The report says the FBI recently informed the inspector general that the Bureau will now assume direct management of Sentinel and significantly reduce the role of Lockheed Martin. The project may take another six years to complete, by which time some functions may be obsolete, the report concludes.
The FBI said it concurred with the report's recommendations to get the project back on track, and had already taken appropriate action. However, a statement issued by Associate Deputy Director Thomas Harrington Wednesday took issue with some of the findings by the inspector general.
"We believe that the interim report does not accurately reflect the FBI's management of the Sentinel project and fails to credit the FBI with taking corrective action to keep it on budget," Harrington said. He complained the IG report includes an inflated cost estimate for completing Sentinel "based on a worst case scenario for a plan that we are no longer using."
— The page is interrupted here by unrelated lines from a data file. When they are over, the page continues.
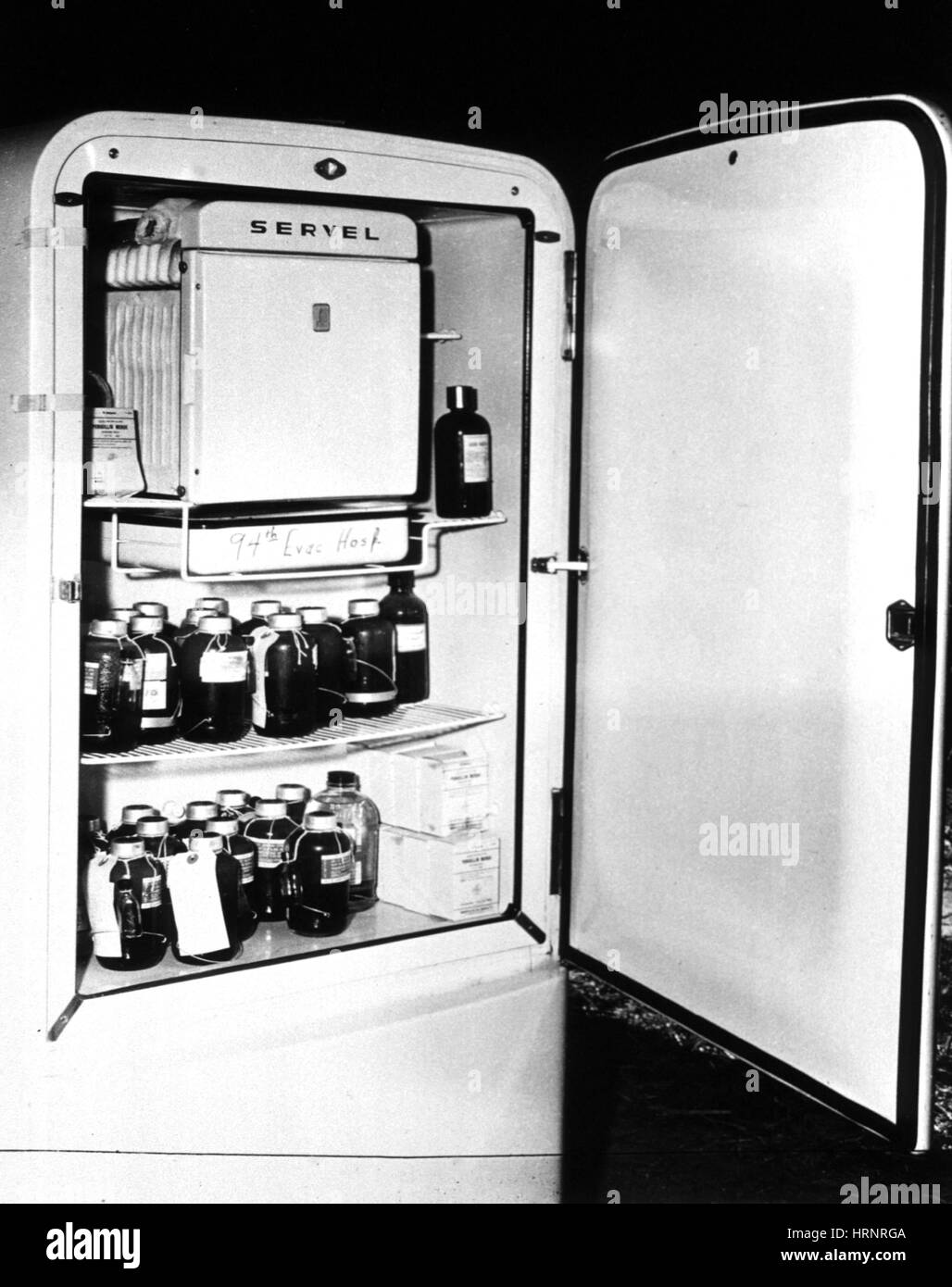 Lo stoccaggio del sangue frigorifero, 1940 Foto Stock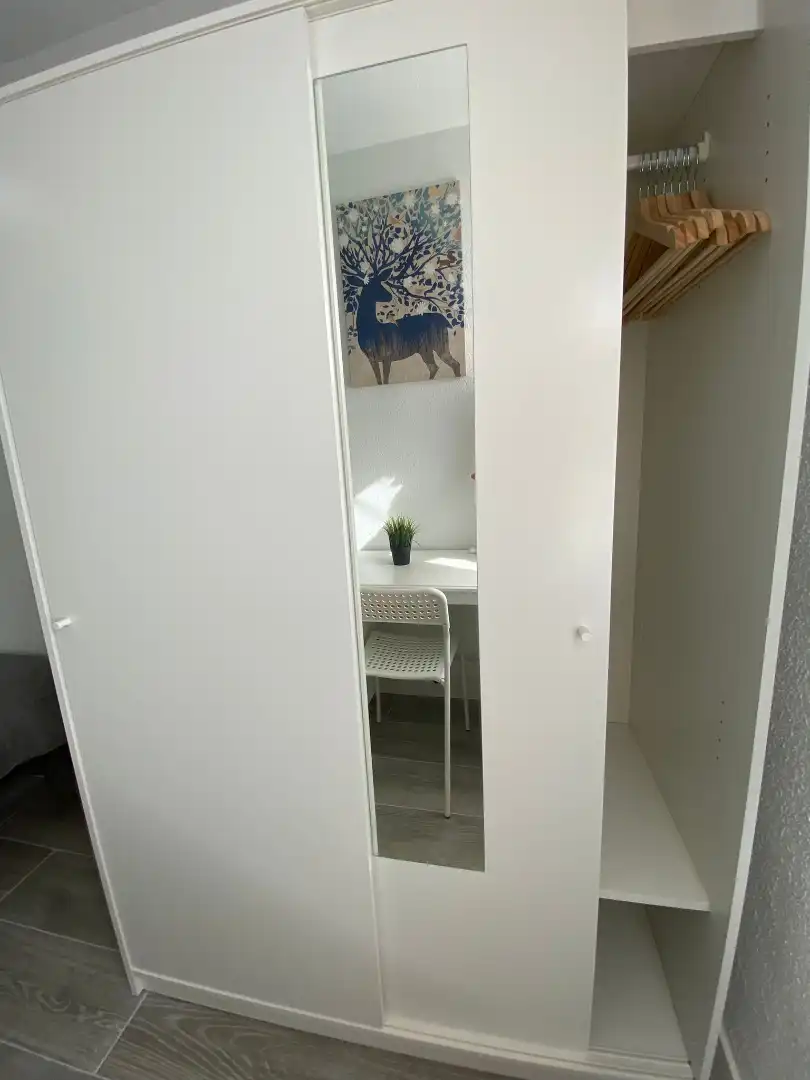 Habitación de Piso de alquiler en Madrid con Calefacción, Amueblado y Horno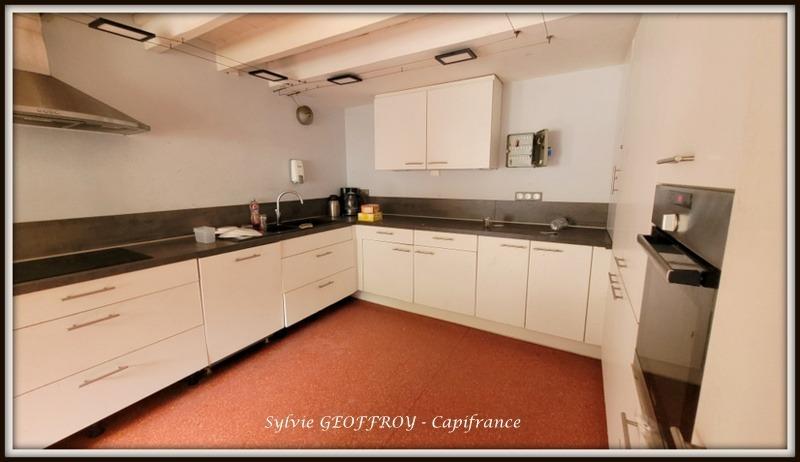 Ferme - 1 400 m² - 50 pièces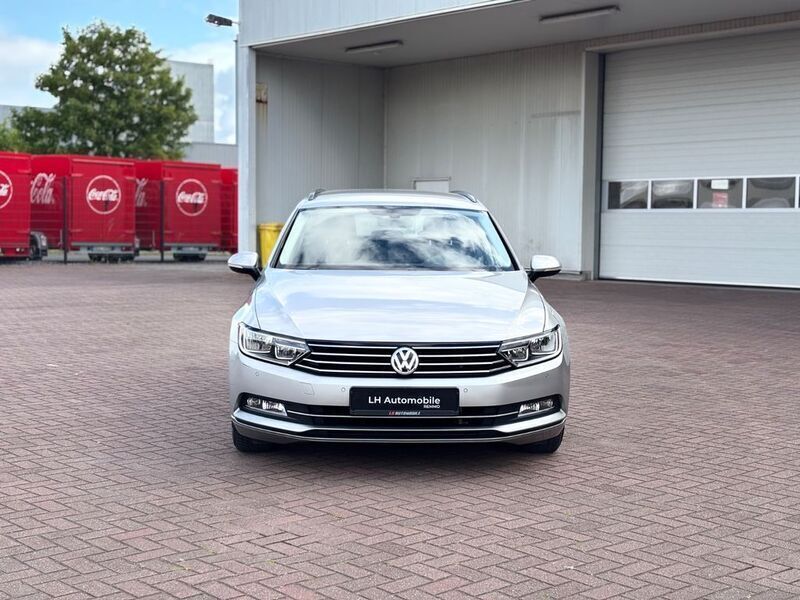 Silber Gebraucht 2015 VW Passat Comfortline Kombi | 15.990 € (Fairer Preis) - Bild 1/4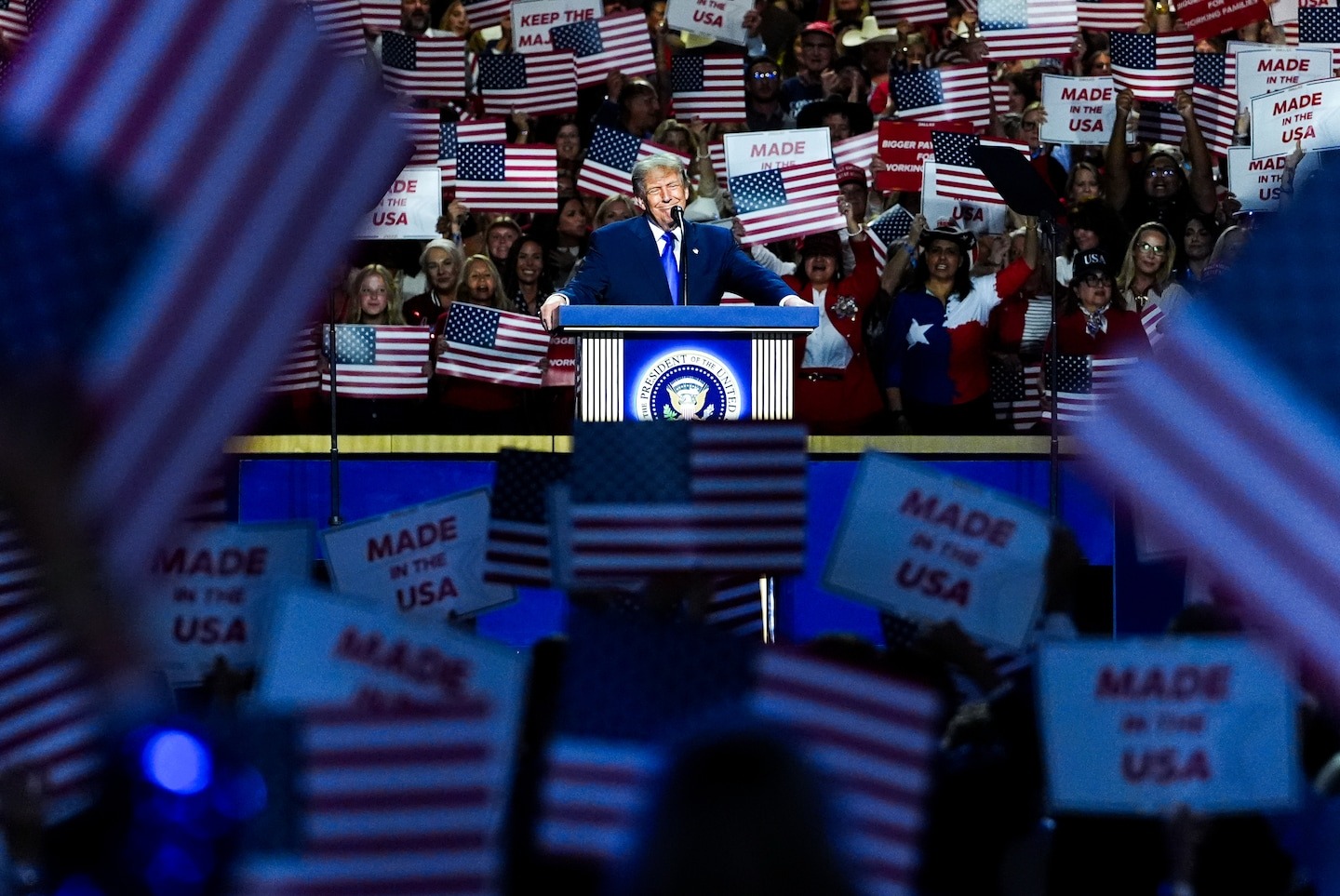Trump überschüttet Wähler im Endspurt vor den Zwischenwahlen mit Schecks ...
Harrington also noted the report expresses "significant concern" about the FBI's new plan yet it "offers no alternative and recommends in part that we follow this course."
A key Senate leader who has been monitoring the FBI's difficulties in developing the Sentinel system said he found the new report "disheartening." Sen. Patrick Leahy, D-Vermont, blasted the delays and cost overruns, saying, "These stumbles continue to be alarming."
"I have used the Judiciary Committee's oversight authority for years to press the FBI to work aggressively to fix these problems, and I will continue to do so until this expensive and important program is working as it should be," Leahy said.